WHAT IS NEEDED> Give back exactly the lines of the data below, starting with the line that has "レガリス亀戸（REGALIZ亀戸） 1204 ｜" and going on through the line that has "Kalkhoff Image 5+ Advance".

::::

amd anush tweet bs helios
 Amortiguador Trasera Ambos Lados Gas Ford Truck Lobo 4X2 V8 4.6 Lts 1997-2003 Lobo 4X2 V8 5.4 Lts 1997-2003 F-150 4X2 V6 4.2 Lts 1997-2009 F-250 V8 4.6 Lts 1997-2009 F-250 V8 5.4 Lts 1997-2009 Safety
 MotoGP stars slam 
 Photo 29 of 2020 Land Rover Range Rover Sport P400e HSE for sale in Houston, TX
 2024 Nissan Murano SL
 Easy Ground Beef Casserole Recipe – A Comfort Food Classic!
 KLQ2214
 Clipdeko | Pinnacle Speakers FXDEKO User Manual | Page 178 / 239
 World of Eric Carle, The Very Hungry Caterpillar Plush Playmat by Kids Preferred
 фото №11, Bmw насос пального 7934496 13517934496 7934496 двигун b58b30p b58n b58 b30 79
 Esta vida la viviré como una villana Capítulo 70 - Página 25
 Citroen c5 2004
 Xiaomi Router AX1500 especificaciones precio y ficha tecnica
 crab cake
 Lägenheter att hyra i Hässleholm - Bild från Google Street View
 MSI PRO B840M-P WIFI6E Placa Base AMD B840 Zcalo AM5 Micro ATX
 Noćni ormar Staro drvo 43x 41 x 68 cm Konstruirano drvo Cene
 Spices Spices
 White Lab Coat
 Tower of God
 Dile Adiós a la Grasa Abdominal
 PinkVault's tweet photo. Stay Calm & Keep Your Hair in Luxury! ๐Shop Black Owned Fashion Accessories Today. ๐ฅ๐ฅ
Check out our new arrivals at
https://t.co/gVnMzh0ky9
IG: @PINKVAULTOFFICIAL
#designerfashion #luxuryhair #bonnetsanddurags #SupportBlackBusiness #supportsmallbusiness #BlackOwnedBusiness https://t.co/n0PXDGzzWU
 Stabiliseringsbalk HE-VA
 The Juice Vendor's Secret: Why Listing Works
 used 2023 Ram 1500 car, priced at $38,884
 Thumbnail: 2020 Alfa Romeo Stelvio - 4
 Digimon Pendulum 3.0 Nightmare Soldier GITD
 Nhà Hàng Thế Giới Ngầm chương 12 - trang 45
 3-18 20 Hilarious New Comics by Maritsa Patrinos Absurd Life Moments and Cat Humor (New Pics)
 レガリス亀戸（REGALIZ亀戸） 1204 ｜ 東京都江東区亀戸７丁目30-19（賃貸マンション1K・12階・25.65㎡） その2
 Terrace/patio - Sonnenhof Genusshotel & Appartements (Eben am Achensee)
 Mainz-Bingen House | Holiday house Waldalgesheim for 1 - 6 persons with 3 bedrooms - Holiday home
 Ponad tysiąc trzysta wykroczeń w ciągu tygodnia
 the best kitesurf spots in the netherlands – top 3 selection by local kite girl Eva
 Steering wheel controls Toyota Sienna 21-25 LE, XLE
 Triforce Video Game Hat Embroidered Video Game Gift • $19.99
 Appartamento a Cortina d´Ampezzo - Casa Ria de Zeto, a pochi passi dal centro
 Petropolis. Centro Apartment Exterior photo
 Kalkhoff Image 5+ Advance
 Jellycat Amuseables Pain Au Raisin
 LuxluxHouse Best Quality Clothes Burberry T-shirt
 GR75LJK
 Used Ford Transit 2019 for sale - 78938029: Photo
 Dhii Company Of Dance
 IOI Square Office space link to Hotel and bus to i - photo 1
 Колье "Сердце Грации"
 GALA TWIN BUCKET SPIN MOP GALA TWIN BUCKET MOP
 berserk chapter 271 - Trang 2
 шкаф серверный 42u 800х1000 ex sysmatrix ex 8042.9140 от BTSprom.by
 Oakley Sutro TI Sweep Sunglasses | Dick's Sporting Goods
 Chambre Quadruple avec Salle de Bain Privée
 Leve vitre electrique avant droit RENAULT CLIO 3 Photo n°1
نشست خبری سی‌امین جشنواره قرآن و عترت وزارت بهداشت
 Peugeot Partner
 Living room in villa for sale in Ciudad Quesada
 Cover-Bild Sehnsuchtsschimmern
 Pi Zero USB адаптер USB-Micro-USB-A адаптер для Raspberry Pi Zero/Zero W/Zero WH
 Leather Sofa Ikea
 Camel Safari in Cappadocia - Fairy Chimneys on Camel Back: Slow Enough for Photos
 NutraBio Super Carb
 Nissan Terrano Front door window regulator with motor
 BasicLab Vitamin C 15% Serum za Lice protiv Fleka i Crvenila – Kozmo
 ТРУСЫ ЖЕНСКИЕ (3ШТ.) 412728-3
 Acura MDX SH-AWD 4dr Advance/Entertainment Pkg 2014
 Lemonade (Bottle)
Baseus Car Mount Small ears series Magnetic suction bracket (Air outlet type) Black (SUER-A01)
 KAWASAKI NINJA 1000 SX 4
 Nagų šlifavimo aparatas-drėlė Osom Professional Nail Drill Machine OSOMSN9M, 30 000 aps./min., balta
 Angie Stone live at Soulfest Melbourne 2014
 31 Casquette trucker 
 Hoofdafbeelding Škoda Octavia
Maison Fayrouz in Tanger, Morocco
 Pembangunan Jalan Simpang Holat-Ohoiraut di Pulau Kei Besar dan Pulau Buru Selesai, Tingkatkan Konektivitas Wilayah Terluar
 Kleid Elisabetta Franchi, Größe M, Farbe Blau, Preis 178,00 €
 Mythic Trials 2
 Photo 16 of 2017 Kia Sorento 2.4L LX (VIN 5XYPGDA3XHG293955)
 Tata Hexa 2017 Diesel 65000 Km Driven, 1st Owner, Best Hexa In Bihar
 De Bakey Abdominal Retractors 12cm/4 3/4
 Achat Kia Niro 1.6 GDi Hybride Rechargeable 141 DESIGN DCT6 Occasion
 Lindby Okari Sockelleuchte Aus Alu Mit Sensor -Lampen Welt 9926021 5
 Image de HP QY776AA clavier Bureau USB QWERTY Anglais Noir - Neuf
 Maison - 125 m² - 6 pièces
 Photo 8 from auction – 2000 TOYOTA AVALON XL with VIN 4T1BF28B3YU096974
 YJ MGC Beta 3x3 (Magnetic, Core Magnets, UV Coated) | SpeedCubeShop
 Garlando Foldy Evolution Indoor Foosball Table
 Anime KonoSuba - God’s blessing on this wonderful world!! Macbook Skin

::::

RESPONSE TO THIS EXERCISE>
 レガリス亀戸（REGALIZ亀戸） 1204 ｜ 東京都江東区亀戸７丁目30-19（賃貸マンション1K・12階・25.65㎡） その2
 Terrace/patio - Sonnenhof Genusshotel & Appartements (Eben am Achensee)
 Mainz-Bingen House | Holiday house Waldalgesheim for 1 - 6 persons with 3 bedrooms - Holiday home
 Ponad tysiąc trzysta wykroczeń w ciągu tygodnia
 the best kitesurf spots in the netherlands – top 3 selection by local kite girl Eva
 Steering wheel controls Toyota Sienna 21-25 LE, XLE
 Triforce Video Game Hat Embroidered Video Game Gift • $19.99
 Appartamento a Cortina d´Ampezzo - Casa Ria de Zeto, a pochi passi dal centro
 Petropolis. Centro Apartment Exterior photo
 Kalkhoff Image 5+ Advance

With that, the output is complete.